De la carpintería a la luthiería no hay un paso sencillo: se trata de pasar de hacer muebles, objetos de utilidad cotidiana, a construir instrumentos, objetos artísticos en la extensión total de la palabra. Es como un paso más allá en la artesanía, en la búsqueda del detalle y la perfección. Lo que hay en el medio puede resumirse en dos palabras: curiosidad y aprendizaje. Hay un momento, parecen coincidir, en que la luthiería como forma abraza al carpintero que fue y lo retiene, no lo deja ir más (“No me imagino separándome de la luthiería” dice Silvia Spina, como si se tratara -¿y acaso no lo es?- de la pareja que la acompañó durante toda la vida). Ninguno vuelve a los muebles, como si los instrumentos desprendieran una magia adicional, una relación mucho más especial entre el objeto y su hacedor.

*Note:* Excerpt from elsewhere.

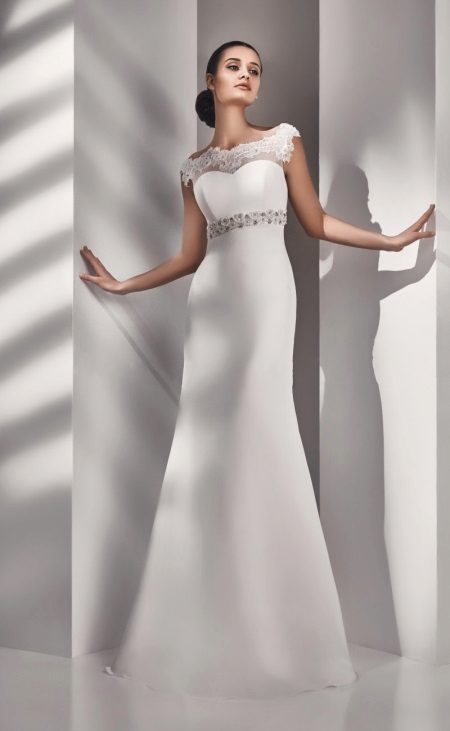 Wedding dress with a belt is not magnificent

Algo de eso debe haber si alguien como Marcos Martin, que se dedica a fabricar tambores africanos, dice que “cuando uno ve el tronco sobre el que va a trabajar, ya puede ver la forma que va a tener el instrumento”. Dar forma. Crear una nueva forma a partir de otra. Pero es llamativo que de esa frase se desprende que más que un proceso de transformación, se trataría más de sacar la forma que ya está allí, contenida en el tronco. La relación con la madera se vuelve otra. En ese proceso, dice alguien, es inevitable acariciar la madera. La relación se vuelve sensual, íntima, señalan otros. Como si en ese afecto fuera incluida aquella vida que fue –el árbol- y la que está por darse a luz –el instrumento.

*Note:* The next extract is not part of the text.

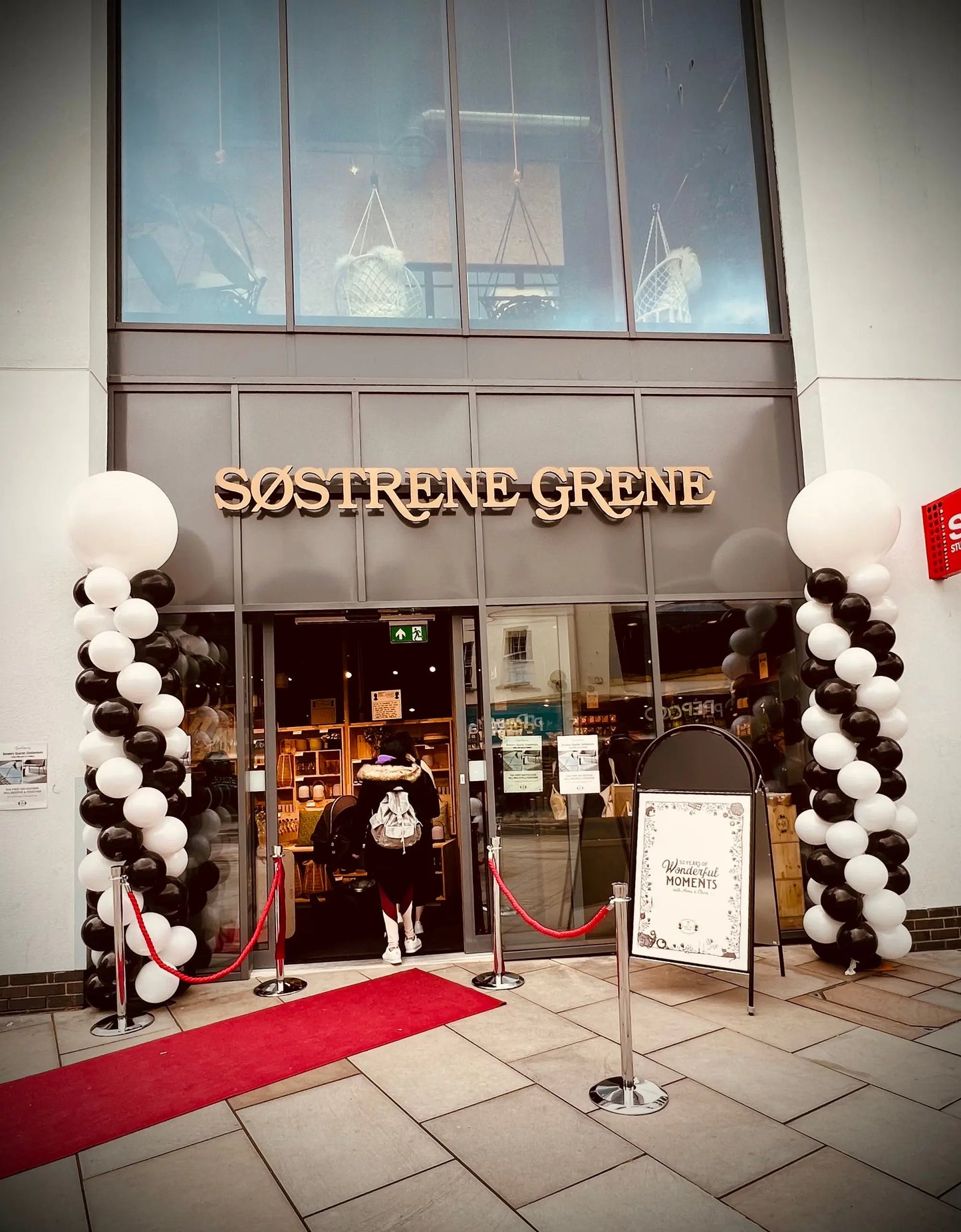 Customisable 6ft Balloon Column - Perfect for Events | The Party Hut Cheltenham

No es casual esa mención. “El instrumento es como un hijo que en algún momento se va”, al que se quiere ver triunfar –están los que van a ver a sus instrumentos sonando en un escenario-, del que se quiere saber cómo está –y hay quien cada tanto llama por teléfono para saber si sigue sonando bien-. La idea de familia que implica esa relación con el objeto, se replica en la forma que asume el trabajo: padres que trabajan la madera con sus hijos que en algún momento los sucederán en la tarea; parejas que acompañan el proceso creativo complementando el trabajo del otro. La luthiería asume desde esa perspectiva una doble mirada que podría parecer contradictoria y finalmente no lo es: la del trabajo en solitario en el taller y la de la comunidad familiar involucrada.

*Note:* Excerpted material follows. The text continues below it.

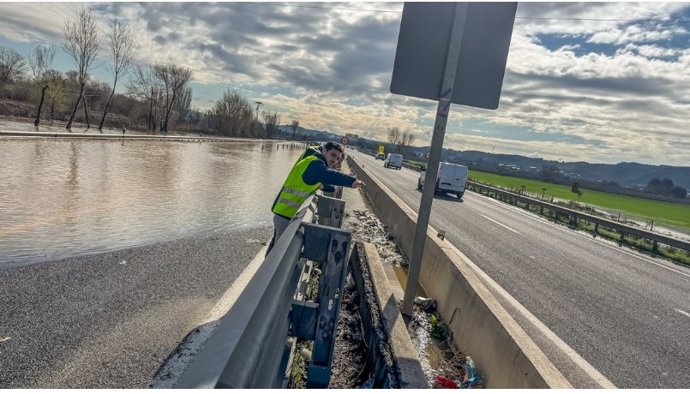 Cortado el acceso a la M-296 desde Loeches a Torrejón por la crecida del río Henares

Si la curiosidad es un motor esencial en el acercamiento al trabajo –en algunos casos por la necesidad de hacer un instrumento propio, en otros porque se asomaron a ese mundo al intentar reparar alguno dañado-, el aprendizaje aparece como la otra fuerza necesaria. Aprender solo, a ensayo y error fue una constante de quienes tienen más de 40 años hoy, en un momento en el que la luthiería parecía verse como un arte que solo podía transmitirse a unos pocos discípulos, sosteniendo el aura mítica del oficio. Hacer e investigar. Viajar a otros lugares, entender las especificidades y trabajar sobre ellas –instrumentos europeos que deben hacerse con maderas europeas, buscar maderas argentinas que puedan compatibilizar con las africanas, fabricar las propias cuerdas con intestino de cordero, no solo para que no se rompan, sino para que los instrumentos suenen igual que en el momento en que fueron creados siglos atrás- transportarse en el tiempo desde lo sonoro. Partir de las medidas, para entender con los años, que “el secreto de un instrumento está en la persona que lo hace”. Núñez resalta esa idea al hablar de los violines Stradivarius, sobre los cuales se hicieron miles de estudios sobre las formas y las medidas, para constatar que en realidad, el verdadero secreto se murió con su creador, porque es algo intangible, que no puede pasarse de una persona a la otra.
Pero lo que hace una película como ésta es reflejar a un oficio como una militancia por el aprendizaje, por la evolución, por la difusión del conocimiento. Una ruptura con las estrategias de secretos del pasado y una apuesta por el intercambio de saberes. Que va del diálogo entre el creador y la madera, al que se establece con el músico, ese personaje que parece ausente pero es el motor del trabajo. “Hacer un instrumento es como hacer un traje a medida” dice Javier Gandolfo y para ello es necesario el diálogo entre las partes y el respeto mutuo.
“Los clientes que tengo son como mecenas que me permiten hacer este trabajo” dice Núñez, desligando definitivamente la producción y la subsistencia, de la pasión. Y es que si hay algo que Ser luthier refleja es la relación apasionada con un oficio que se ha elegido como forma de vida. Esa felicidad que se trasluce en los rostros y en las palabras de todos los entrevistados ante el trabajo. Eso que le hace decir a Núñez que “No estoy trabajando. Sino que sigo jugando como cuando hacía las espadas de madera”.
Ser luthier (Argentina, 2018). Dirección: María Victoria Ferrari y Rocío Gauna. Edición: Leonardo Cauteruccio. Duración: 61 minutos.